# Tiger Beer



## Rotundus (May 7, 2012)

was on the road for a few years back in the day and got through a few tiger beers whilst out east.

bought a couple of bottles today chilled 'em and they taste naff all like what i remember...

is it just me or is this brewed under licence stuff a poor imitation???


----------



## Scouse (Jan 6, 2011)

The ones I've had here in the UK taste the same as the ones I used to drink in Singapore. Try Tsing Tao. It has a similar taste, but is much less gassy. :cheers:


----------



## Faijex (Feb 27, 2011)

I've found beer can taste different from batch to batch, I could just be talking ****, but I definitely notice variations in my favourite beers. I mainly drink Belgium style beers, Hoegaarden, and my favourite from back home Blue Moon. Temperature makes a big difference too, I normally just chill mine on the windowsill, but I think I'm the only person who does that, everyone thinks I'm mad when they see my 40 of Hoedgaarden sitting by the window. I do recall having a Tiger a few months back that seemed to not be as nice as I remember the ones I'd had a couple years ago...but I don't drink too much Asian beer.


----------



## BondandBigM (Apr 4, 2007)

Yep as far as I'm aware the same stuff. I worked a stones throw from the Tiger Beer brewery. It was just round the corner. Big M and I drank gallons of the stuff in between bottles of very expensive Smirnoff and fell over a lot or just plain couldn't get up off the sun bed 

Happy Days !!!


----------



## Alas (Jun 18, 2006)

Drank the stuff while ship was in for repair in singapore in 1974. Was far too pissed to remember what it tasted like but knew enough not to buy it from the street vendors. The bottles you bought from them were full of bits and god knows what else they put in there.

Alasdair


----------



## Faijex (Feb 27, 2011)

Alas said:


> Drank the stuff while ship was in for repair in singapore in 1974. Was far too pissed to remember what it tasted like but knew enough not to buy it from the street vendors. The bottles you bought from them were full of bits and god knows what else they put in there.
> 
> Alasdair


Wait like your own boat? or were you in the Navy?


----------



## chris l (Aug 5, 2005)

Tiger's OK,, as has been said, Tsing Tsao is very good, clean. and sharp, as is Klosters, (prefer it to Singha).

Swan's good, too, and VB.

Try and find Kingston brewed Red Stripe, like many other beers, the import is better than the 'brewed under licence'.

1664 in bottles. Mmmmm.

For face down fun try Chimay!


----------



## BondandBigM (Apr 4, 2007)

Alas said:


> Drank the stuff while ship was in for repair in singapore in 1974. Was far too pissed to remember what it tasted like but knew enough not to buy it from the street vendors. The bottles you bought from them were full of bits and god knows what else they put in there.
> 
> Alasdair


Obviously about 30+ years time difference but the small street cafe in the picture with M had the coldest Tiger Beer on the Island. We used to sit there for hours, getting lashed and watch the world go by


----------



## The Canon Man (Apr 9, 2010)

I don't know about Tiger, but something bad has happened to Singa.
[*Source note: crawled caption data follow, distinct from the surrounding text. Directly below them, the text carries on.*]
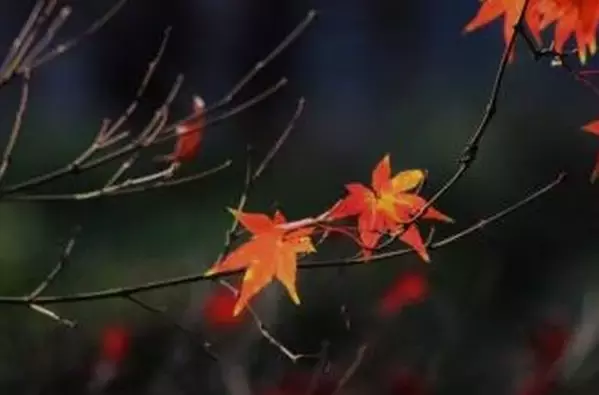 《后汉书》精选30句丨以史为鉴知得失，以人为鉴知进退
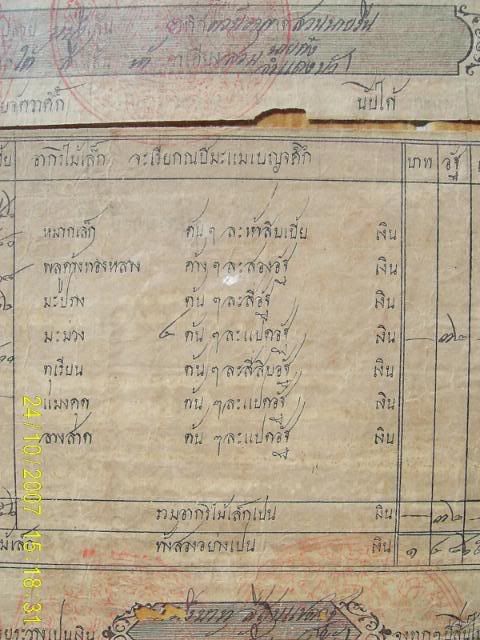 รูปภาพ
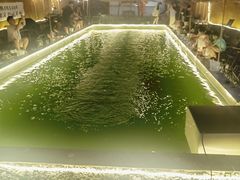 -DGE季风钓虾营地·团建·聚会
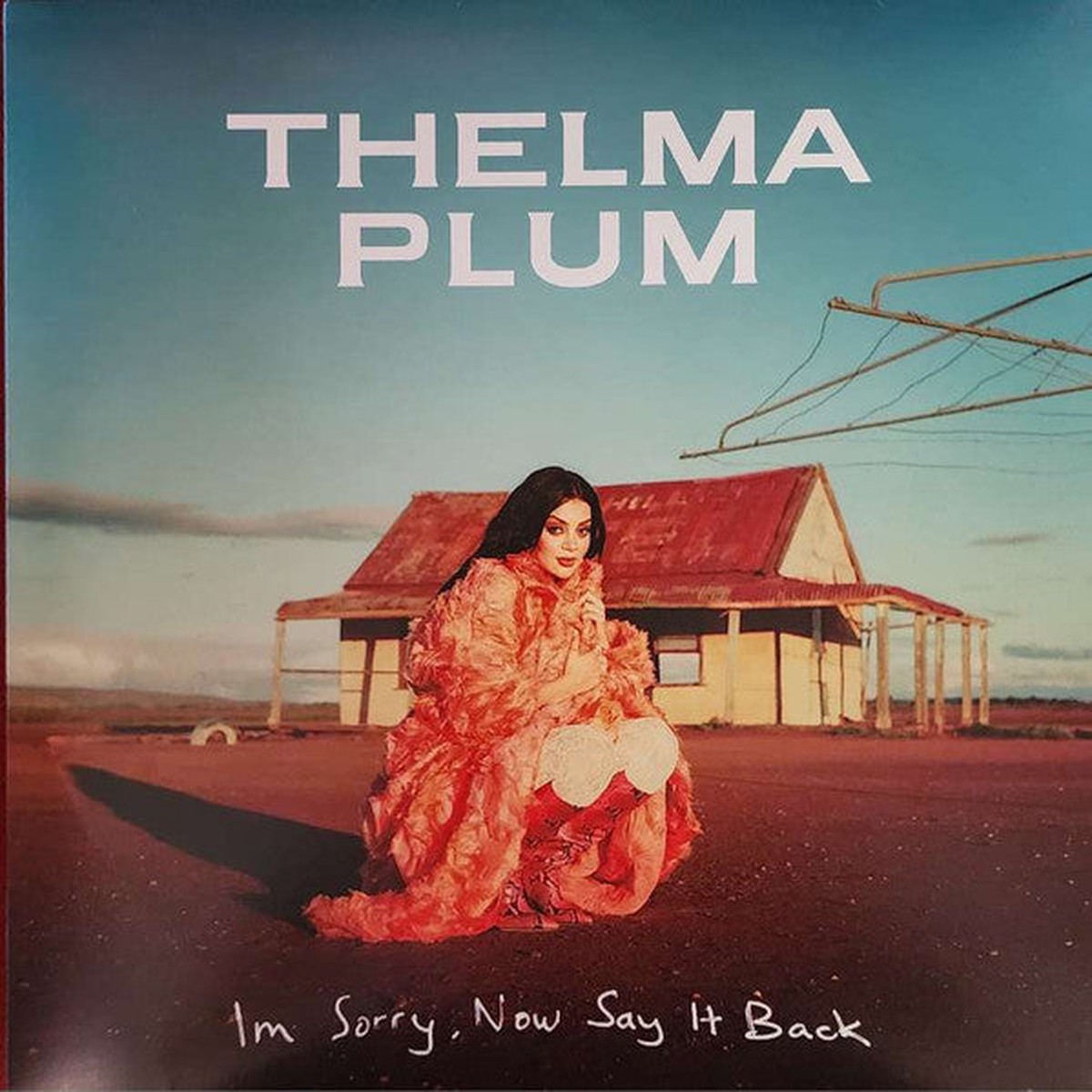 PLUM, THELMA – I’M SORRY NOW SAY IT BACK – LP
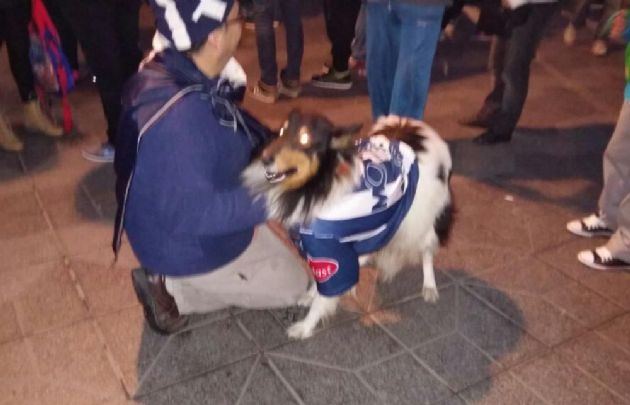 Un perro vestido de Talleres también celebró el ascenso.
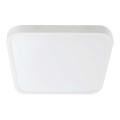 LED Vannas istabas griestu lampa SAMSUNG CHIP LED/48W/230V IP44 3000K 42x42 cm balta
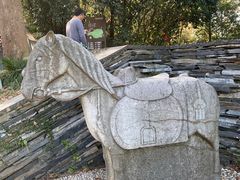 -上海佘山国家森林公园西佘山园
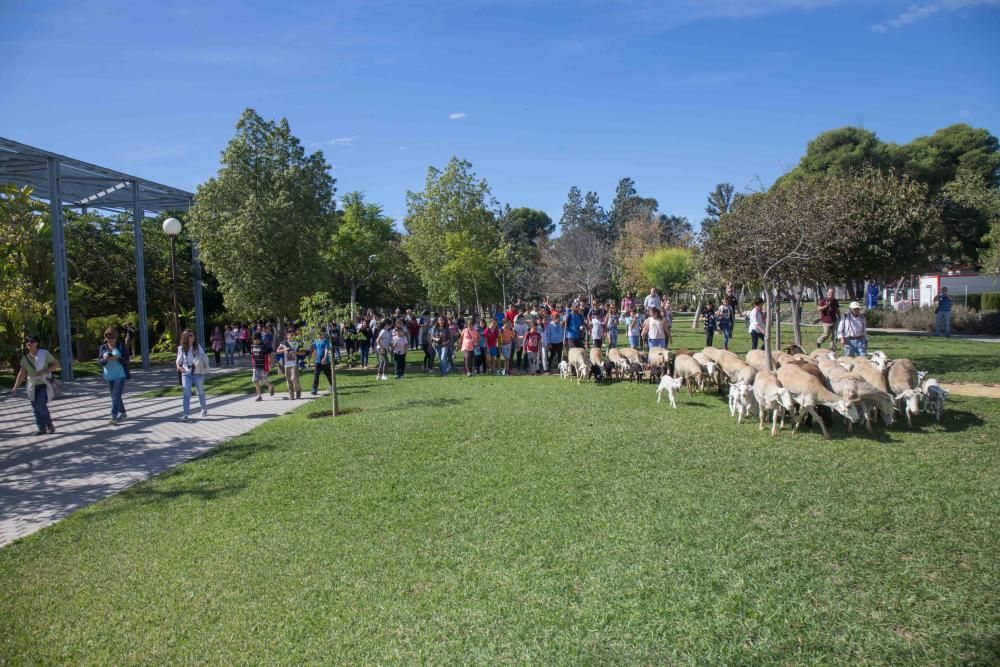 Ovejas por la Universidad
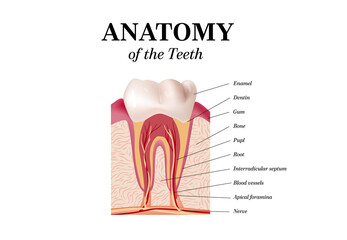 Tooth Anatomy vector Dental Infographics. Realistic White Tooth Mockup. Oral Care health Concept. Medical banner or poster Vector illustration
The Singa in bottles used to be the real Mc Coy 6.4% stuff.

Now it's 5% Singa gold, but with the proper Singa Beer label.

Not good.


----------



## Alas (Jun 18, 2006)

The other 2 major beers at that time were Lion and Castle beer from South Africa. We used to pick a brewery load up off Capetown when resupplying by helicopter.

They were actually ok. Don't know if they're still going today?

Alasdair


----------



## Alas (Jun 18, 2006)

BondandBigM said:


> Alas said:
> 
> 
> > Drank the stuff while ship was in for repair in singapore in 1974. Was far too pissed to remember what it tasted like but knew enough not to buy it from the street vendors. The bottles you bought from them were full of bits and god knows what else they put in there.
> ...


When I was there street vendors didn't have tables & chairs - they had a barrow. 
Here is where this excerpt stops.